この小説はディケンズの自伝的な作品なのである。作家が自伝的要素の強い作品を書く例というのはいくつもある。モームにもそれがある(『人間の絆』)。要は、なぜ作家が人生の途中で、自分の人生を振り返るような作品を書きたくなるのかということを、僕は知りたいのである。なぜ、自分自身を書きたくなるのだろうかということである。しかも、自伝ではなく、フィクションの形でもってそれをしなければならないのだろうということも僕は知りたいのである。そして、それと同じくらい重要なのは、なぜ、今の僕がそれを読みたいと思っているのか、そのような作品を必要としているのかという疑問である。僕はしばらくこれに取り組みたいと思っている。もう一つ、ディケンズはこの作品を39歳頃に書いている。大体、今の僕と同じ年齢である。この年齢においてディケンズに何が生じたのだろうかということも気になる。
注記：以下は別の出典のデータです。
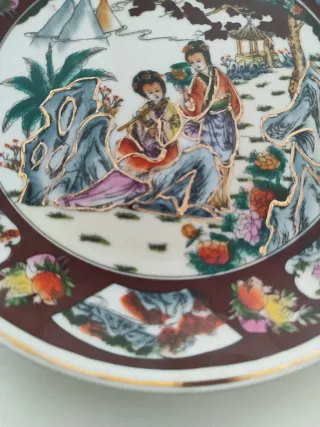 Plato decorativo japonés filo dorado relieve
僕は今、自分が四十になって、この年代の問題に取り組み始めている。僕はこれを「四十問題」とでも名付けようと思う。三十代後半から四十代前半までの年齢層の人が抱える「問題」である。まだ、何一つ具体的な形にはなっていないが、ディケンズの「デイヴィッド・コパフィールド」は何らかの手掛かりを与えてくれるのではないかと、僕は期待している。恐らく、今晩は睡眠時間を削ってまでも読んでしまいそうである。こんなことをしているから、風邪もなかなか良くならなかったのかもしれない。